What I’ve Tried So Far:

  • Verified that the NVIDIA drivers are up to date.
  • Ensured the NVIDIA Container Toolkit is properly installed and configured.
  • Used the --gpus all flag with Docker to grant GPU access to the container.
  • Tested on both WSL and a dedicated Ubuntu server to rule out environment-specific issues.

Issue Description:

The error seems to occur during the Vulkan instance creation inside the container:

vkCreateInstance error (-9)

This suggests there might be an issue with Vulkan setup or GPU access within the container.

Request for Assistance:

Has anyone experienced a similar issue or can provide guidance on how to resolve this error? I’m wondering if there’s a compatibility issue with the RTX 4070 or a misconfiguration that I’m overlooking.

Any insights or suggestions would be greatly appreciated!

Thank you in advance for your help!

Best regards,

DECODED

3 Likes

I am having the same issue, any help?

Ubuntu: 22.04
Driver Version: 535.183.06
CUDA Version: 12.2
vulkan-tools installed

More info:

sudo docker run -it --rm --gpus all --network=host --name anim-graph-ms -v /home/eus/default-avatar-scene_v1.0.0:/home/ace/asset nvcr.io/eevaigoeixww/animation/ia-animation-graph-microservice:1.0.1

+ ldconfig -p
+ grep libGLX_nvidia.so.0
        libGLX_nvidia.so.0 (libc6,x86-64) => /usr/lib/x86_64-linux-gnu/libGLX_nvidia.so.0
        libGLX_nvidia.so.0 (libc6) => /usr/lib/i386-linux-gnu/libGLX_nvidia.so.0
+ [[ -v NOTFOUND ]]
+ export VK_ICD_FILENAMES=/tmp/nvidia_icd.json
+ VK_ICD_FILENAMES=/tmp/nvidia_icd.json
+ export LD_LIBRARY_PATH=:/usr/local/nvidia/lib:/usr/local/nvidia/lib64:/opt/nvidia/omniverse/kit-sdk-launcher/plugins/carb_gfx
+ LD_LIBRARY_PATH=:/usr/local/nvidia/lib:/usr/local/nvidia/lib64:/opt/nvidia/omniverse/kit-sdk-launcher/plugins/carb_gfx
+ /opt/nvidia/omniverse/vkapiversion/bin/vkapiversion /tmp/nvidia_icd.json
Writing disposable ICD file (/tmp/tmp_icd_2cb3WU.json)...
vkCreateInstance error (-9)

I have another issue. We see that i have installed NVIDIA Container Toolkit. But we have another error with GPU

stefan@tul-pryanik:~$ sudo dpkg -l | grep nvidia-container-toolkit
ii  nvidia-container-toolkit               1.16.1-1                                amd64        NVIDIA Container toolkit
ii  nvidia-container-toolkit-base          1.16.1-1                                amd64        NVIDIA Container Toolkit Base
stefan@tul-pryanik:~$ docker run -it --rm --runtime nvidia --network=host --name anim-graph-ms -v $(pwd)/default-avatar-scene_v1.0.0:/home/ace/asset nvcr.io/eevaigoeixww/animation/ia-animation-graph-microservice:1.0.1
+ ldconfig -p
+ grep libGLX_nvidia.so.0
+ NOTFOUND=1
+ [[ -v NOTFOUND ]]
+ cat

Fatal Error: Can't find libGLX_nvidia.so.0...

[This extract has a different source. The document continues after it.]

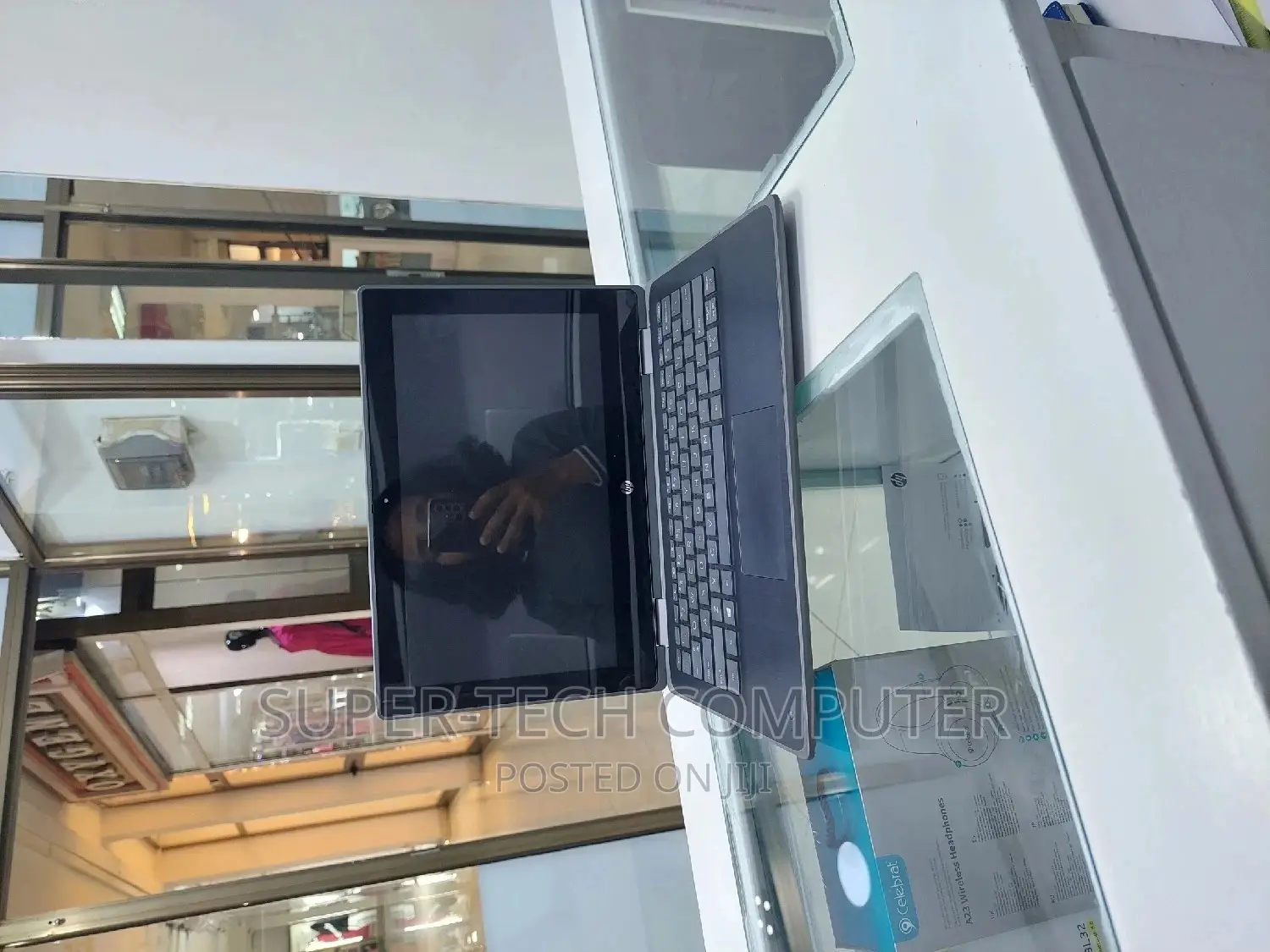 New Laptop HP X360 310 G2 8GB Intel Core I3 SSD 256GB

Ensure running with NVIDIA runtime. (--gpus all) or (--runtime nvidia)

+ exit 1
stefan@tul-pryanik:~$ 

Hi,

Any resolution for this? I am using a AWS g5.12xlarge ubuntu 22.04 machine and got stuck in the same thing. I’ve setup a gnome-desktop as well to get a display but that doesn’t seem to solve the issue.

Here is what I get. Can anyone help?

+ ldconfig -p
+ grep libGLX_nvidia.so.0
	libGLX_nvidia.so.0 (libc6,x86-64) => /usr/lib/x86_64-linux-gnu/libGLX_nvidia.so.0
+ [[ -v NOTFOUND ]]
+ export VK_ICD_FILENAMES=/tmp/nvidia_icd.json
+ VK_ICD_FILENAMES=/tmp/nvidia_icd.json
+ export LD_LIBRARY_PATH=:/usr/local/nvidia/lib:/usr/local/nvidia/lib64:/opt/nvidia/omniverse/kit-sdk-launcher/plugins/carb_gfx
+ LD_LIBRARY_PATH=:/usr/local/nvidia/lib:/usr/local/nvidia/lib64:/opt/nvidia/omniverse/kit-sdk-launcher/plugins/carb_gfx
+ /opt/nvidia/omniverse/vkapiversion/bin/vkapiversion /tmp/nvidia_icd.json
Writing disposable ICD file (/tmp/tmp_icd_r31iaR.json)...
vkCreateInstance error (-9)

#NVIDIAInception inception

Not sure ACE will work with a RTX 4070 as you have to have NVAIE which is only supported on servers with certain cards.

First find your driver version
nvidia-smi --query-gpu=driver_version --format=csv,noheader --id=0
or
cat /proc/driver/nvidia/version
then
vulkaninfo --summary
and note down the Vulkan Instance Version: 1.3.xxx

the /tmp/nvidia_icd.json file docker is writing should be same version

{
    "file_format_version" : "1.0.0",
    "ICD": {
        "library_path": "libGLX_nvidia.so.0",
        "api_version" : "1.3.xxx"
    }
}

check to see if vulkan-utils is installed and uninstall it
sudo apt list --installed |grep vulkan-utils

Reboot to make sure nvidia_uvm is not in use and stop any containers that may use it.

Check to see if libnvidia-gl is installed or what version
sudo apt list --installed |grep libnvidia-gl

If not installed install the version relating to your driver version, choose the server version if available

sudo apt install libnvidia-gl-550-server

I still don’t have it working however this is a step in the right direction.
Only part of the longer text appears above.